=== RAW DATA ===

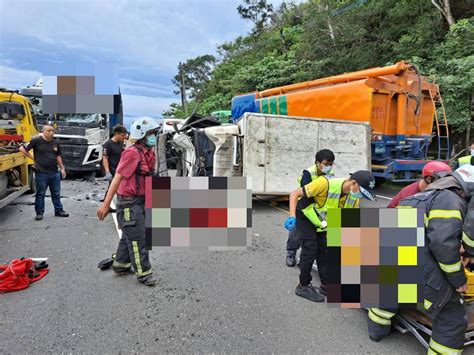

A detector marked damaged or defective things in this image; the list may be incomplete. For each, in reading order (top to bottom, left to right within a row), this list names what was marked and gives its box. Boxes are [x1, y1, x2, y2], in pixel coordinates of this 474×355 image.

overturned truck [162, 112, 370, 196]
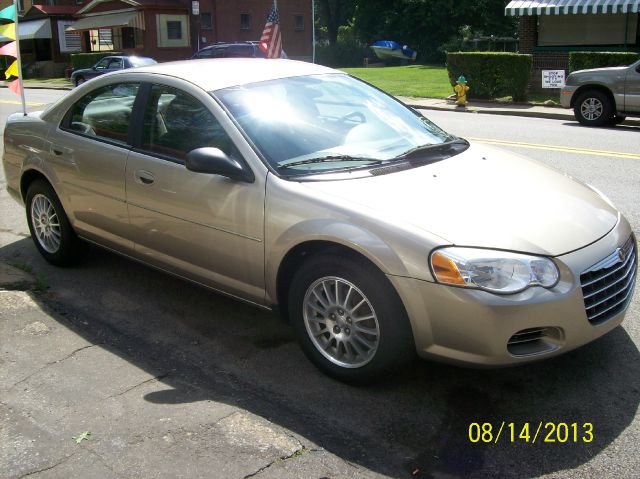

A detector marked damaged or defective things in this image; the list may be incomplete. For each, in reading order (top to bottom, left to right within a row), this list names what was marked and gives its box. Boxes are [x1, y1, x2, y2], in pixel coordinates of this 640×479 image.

crack in pavement [6, 346, 97, 392]
crack in pavement [16, 452, 78, 478]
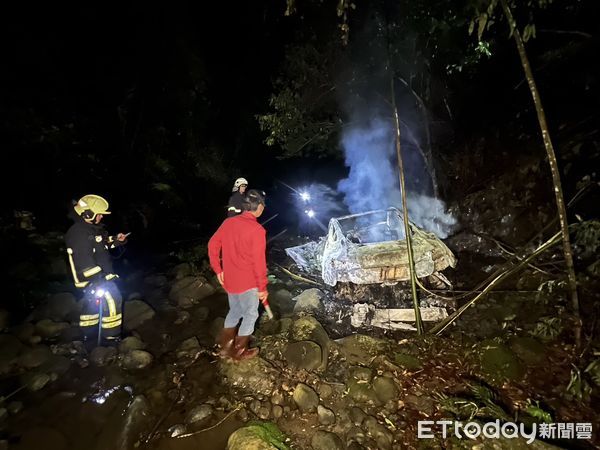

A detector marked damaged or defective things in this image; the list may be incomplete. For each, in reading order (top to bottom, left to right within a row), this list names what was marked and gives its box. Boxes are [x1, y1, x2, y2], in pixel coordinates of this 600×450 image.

=== PROBLEM REQUIREMENTS ===
Beginning with the line that contains "this 640×479 image.", output each line of the material above through the last one exactly as it stands. Do not include the pictures.

=== YOUR RESPONSE ===
A detector marked damaged or defective things in this image; the list may be incomplete. For each, in reading order (top to bottom, left to right within a row), this list names what was marked and gives its box. Boxes are [x1, y1, x2, y2], in pixel coordinates of this 640×479 image.

crack in pavement [6, 346, 97, 392]
crack in pavement [16, 452, 78, 478]

A detector marked damaged or defective things in this image; the list may be incomplete. For each, in reading order (top to bottom, left to right within a row), this list names what was marked and gives its box. Boxes are [x1, y1, x2, y2], in pixel coordinates of this 600×450 image.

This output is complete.